Oistrakh Trio Complete Chamber Music by Brilliant Classics

Album cover


There are recordings that document an era and recordings that transcend it. This three-disc collection from Brilliant Classics — drawing on the legacy of the Oistrakh Trio, that remarkable ensemble of David Oistrakh, cellist Sviatoslav Knushevitsky, and pianist Lev Oborin — belongs to the second category, and anyone who cares about chamber music needs to know it exists.

Start with what these men were. Oistrakh needs no introduction, but the ensemble he formed with Knushevitsky and Oborin in the late 1940s was not a vanity project built around a famous name. All three were serious chamber musicians, trained in a tradition that valued collective listening over individual display. You hear that immediately. The blend is organic, the give-and-take instinctive — there’s no sense of a soloist tolerating his accompanists.

The program here is unapologetically Russian, which suits them perfectly.

Tchaikovsky’s Piano Trio in a minor, op. 50 — that sprawling, magnificent elegy for Nikolai Rubinstein — gets a reading of uncommon breadth and emotional honesty. The opening Moderato con moto unfolds with a long-breathed cantabile in Oistrakh’s violin that seems to have no beginning and no end, just a line extending itself into space. Tchaikovsky called this work “In Memory of a Great Artist,” and great artists are playing it. The variations movement, so often a structural liability in interpretation, holds together here because the trio understands the architecture — they’re building something, not just moving through episodes.

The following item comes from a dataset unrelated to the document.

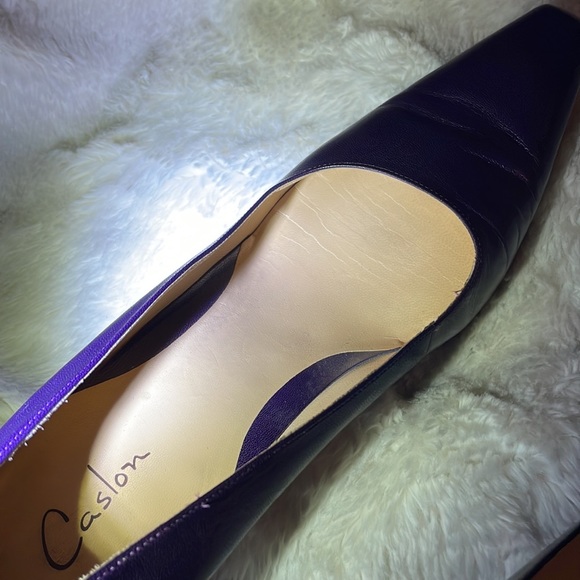 Caslon Nordstrom Size 9 Purple Leather Square Toe Pumps - Picture 6 of 6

Rachmaninoff’s Trio élégiaque No. 2 in d minor, op. 9, written in grief after Tchaikovsky’s death in 1893, is the longest work on the set and arguably the most emotionally demanding. The Oistrakh Trio plays it with the kind of unrelenting seriousness the music demands — no softening of its cloud-hung bleakness, no prettifying of its belligerence. Rachmaninoff was twenty at the time of composition. The music doesn’t sound like it. It sounds like someone who has already understood that certain losses are permanent, and the ensemble conveys that understanding without melodrama.

Then there’s the Glinka.

The Trio Pathétique in d minor is an early work — Glinka was barely twenty-five — and its character is stylistically curious: Beethoven filtered through Italian opera, the harmonic language of early Romanticism worn lightly. The Oistrakh Trio plays it straight, without condescension, and that’s the right instinct. There are worse things than elegant classicism, and Glinka’s invention here is genuine.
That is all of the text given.